QUESTION: Have you given the name of the countries to the European Union? The European countries, have you given them to the European Union?
MS. NULAND: I think we’re in a silly place now. The European countries who are continuing to trade with Syria know who they are. We are working together with them. We are working with the European Union. They have to make sovereign decisions. They see the same picture that we see in Syria, and I think we share the goal of tightening the noose, and we’re going to continue that work together.
QUESTION: A quick one, and I apologize if this came up last week; I wasn’t here. But in The Wall Street Journal today, the Syrian ambassador to the United States, in a lengthy piece they had about Syrian diplomats allegedly intimidating activists in this country and elsewhere – but the Syrian ambassador said that Ambassador Ford is limited in his ability to move around Syria to a 25-square mile radius of Damascus, and that’s a reciprocal limitation imposed on Ambassador Ford to one that’s been imposed on Ambassador Moustapha here. Are those – is that your understanding of the situation in both cases, that they’re not allowed to go outside of their – this limited area, however large it is, without official permission?
MS. NULAND: I think you know that after Ambassador Ford went to Hama, the Syrian authorities changed – tightened the procedures for ambassadors in Damascus. It is our usual practice to match restrictions requirements to report – put on our folk with similar restrictions here. With regard to the specifics of what we have done with the Syrian mission, let me take the question so we get it right for you. But I would guess that we are matching whatever the restrictions are on Ford, and my understanding is that it’s a more elaborate permission process.
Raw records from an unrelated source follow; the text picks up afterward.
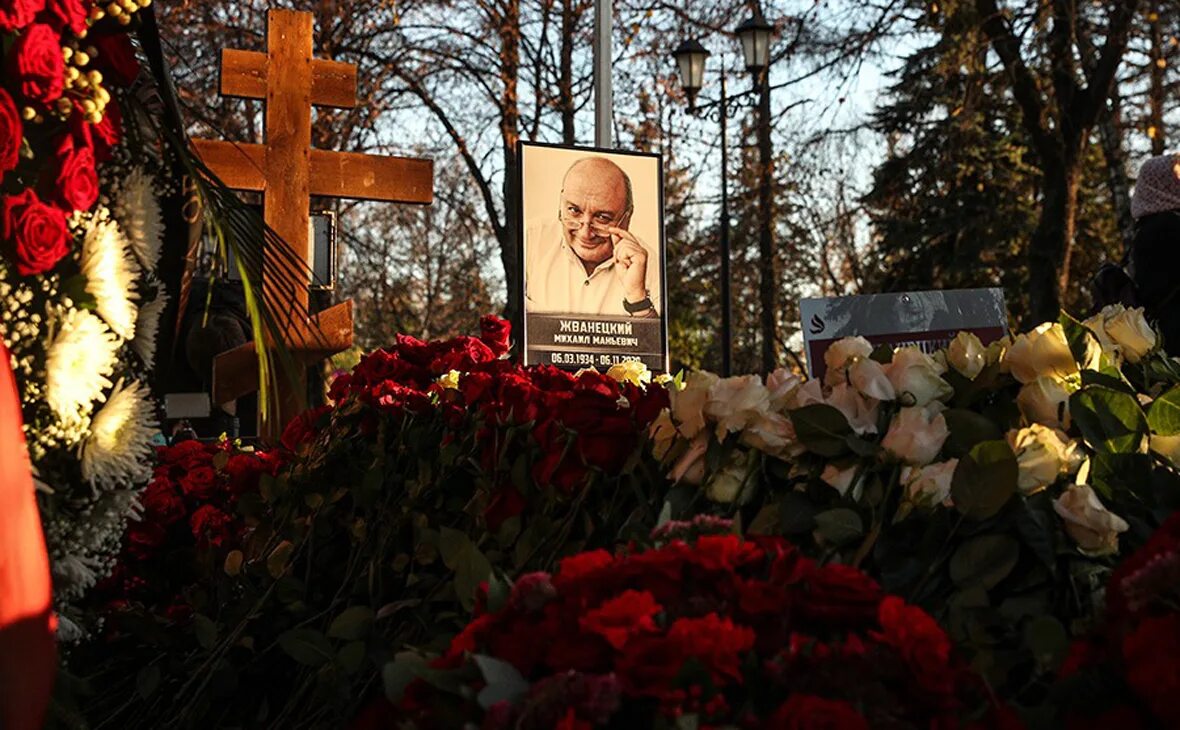 Где похоронили михаила. Памятник михаилу жванецкому на новодевичьем кладбище. Могила. Троекуровское кладбище 2022. Похороны михаила жванецкого новодевичье кладбище.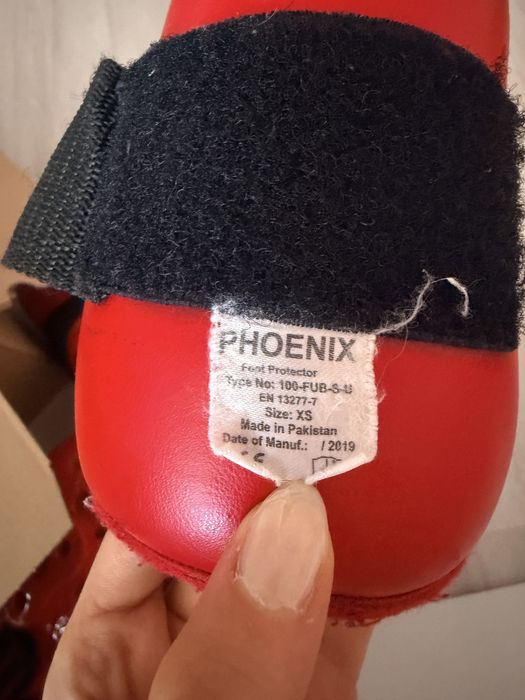 Протектор за крака Phoenix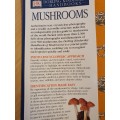 DK - Mushrooms : Thomas Laessoe
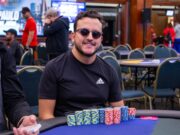 Pablo Siqueira avançou no topo do chip count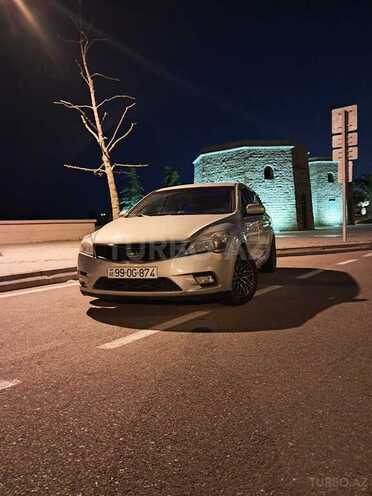 Kia Ceed 2010, 297,000 km - 1.6 л - Bakı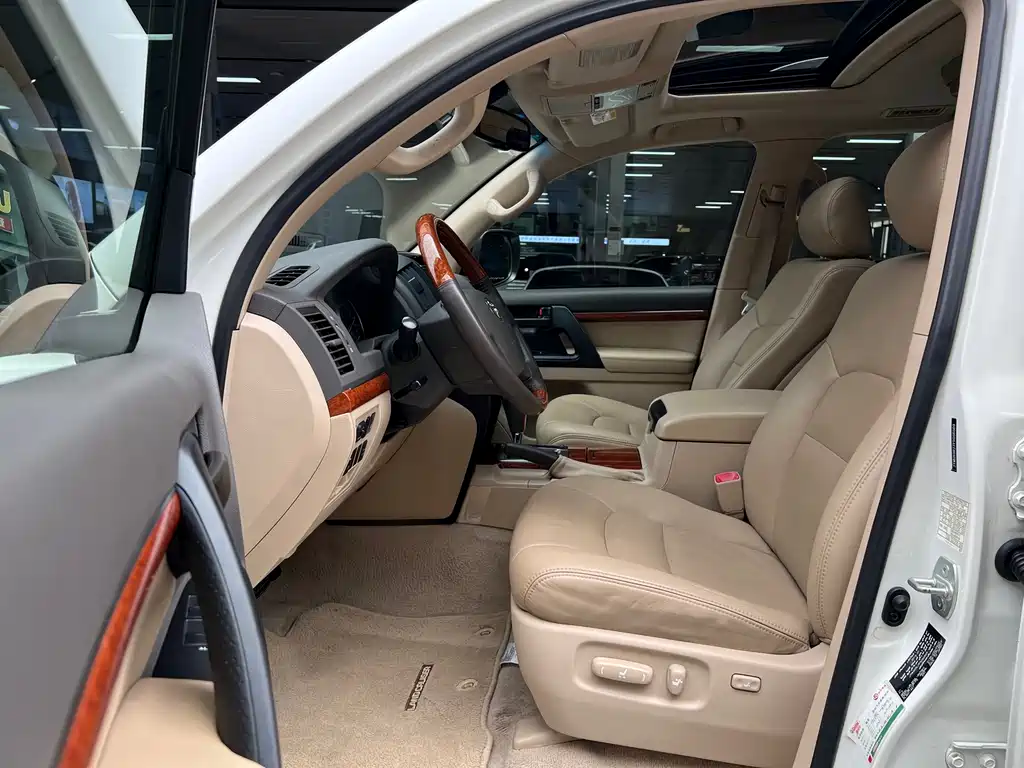 Toyota Land Cruiser 4.6L V8 Middle East Limited Edition, фото 17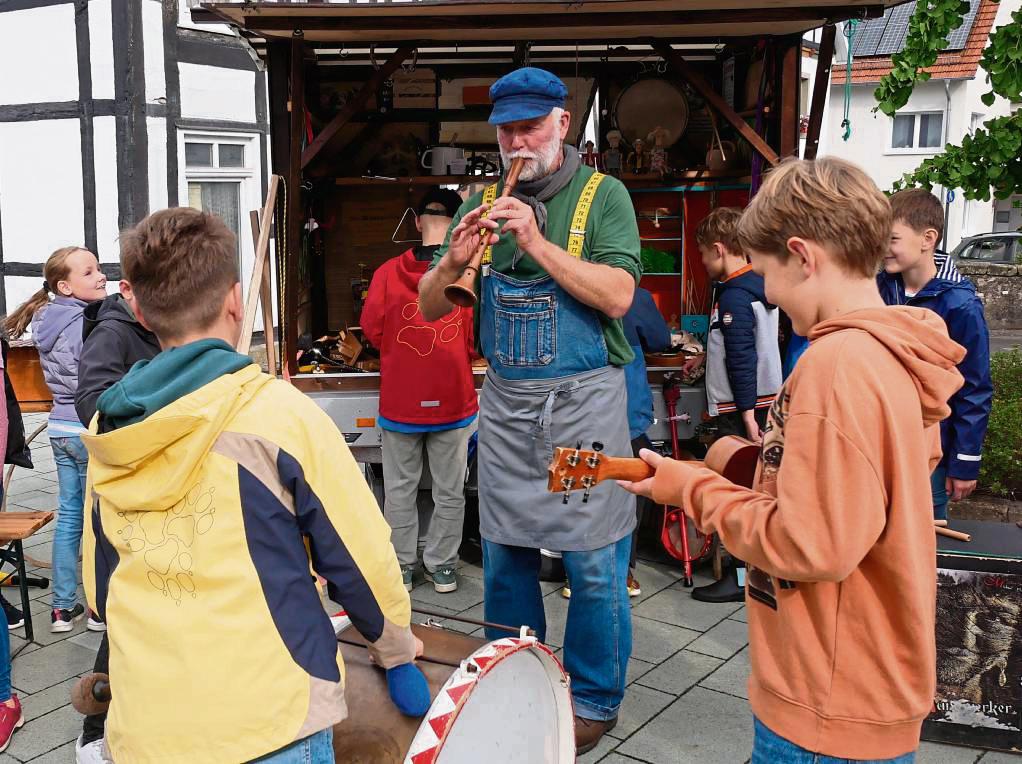 Der Mundwerker begeisterte die Schulkinder mit seinen Instrumenten. Fotos: A. Bsdurek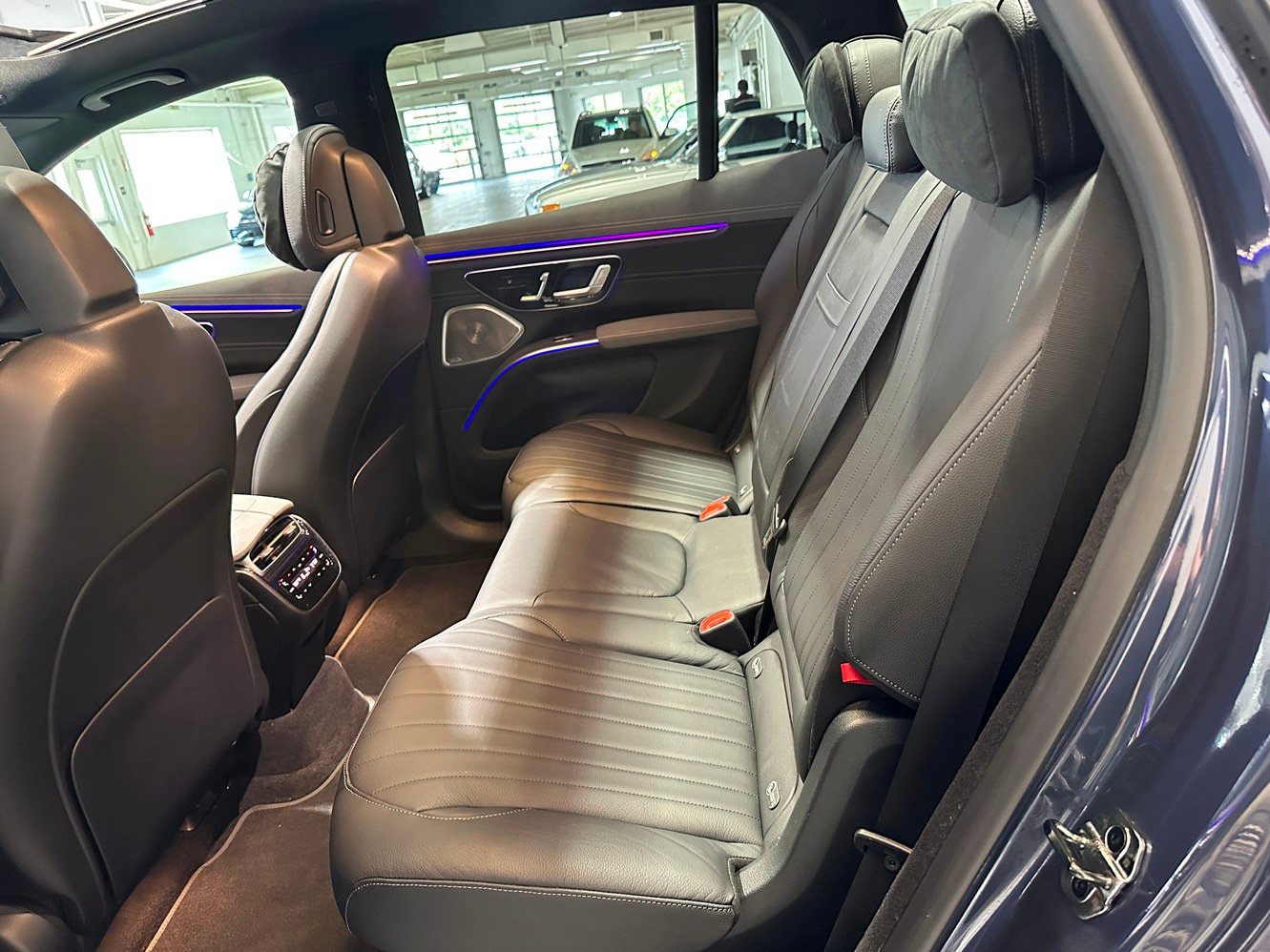 Certified 2023 Mercedes-Benz EQS 450+ 4MATIC SUV w/ Acoustic Comfort Package image 13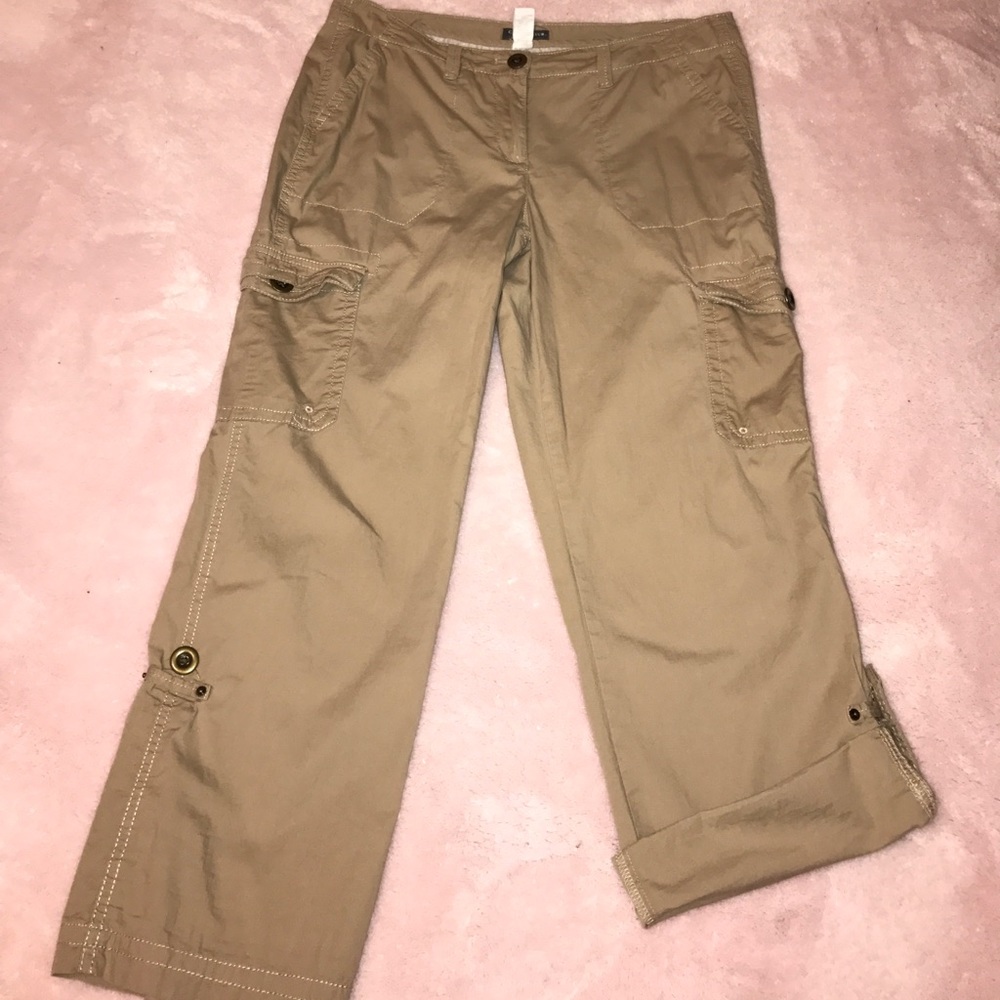 Cargo style capris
QUESTION: If you could get the details on that –
MS. NULAND: We will.
QUESTION: -- because the Syrian description of it made it sound as though they did it in response to a U.S. action brought about by this alleged intimidation by Syrian diplomats.
MS. NULAND: You know where we were before the Hama visit, which was that he had free ability to travel around the United States.
QUESTION: Well, just on that subject –
QUESTION: On that subject, yeah. Yeah. The FBI has been interviewing the Syrian dissidents about alleged threats they’ve received, intimidation, also ramifications for their families back home in Syria. So are you in contact with the FBI? And what are the ramifications if the FBI finds criminal wrongdoing by people at the Embassy here?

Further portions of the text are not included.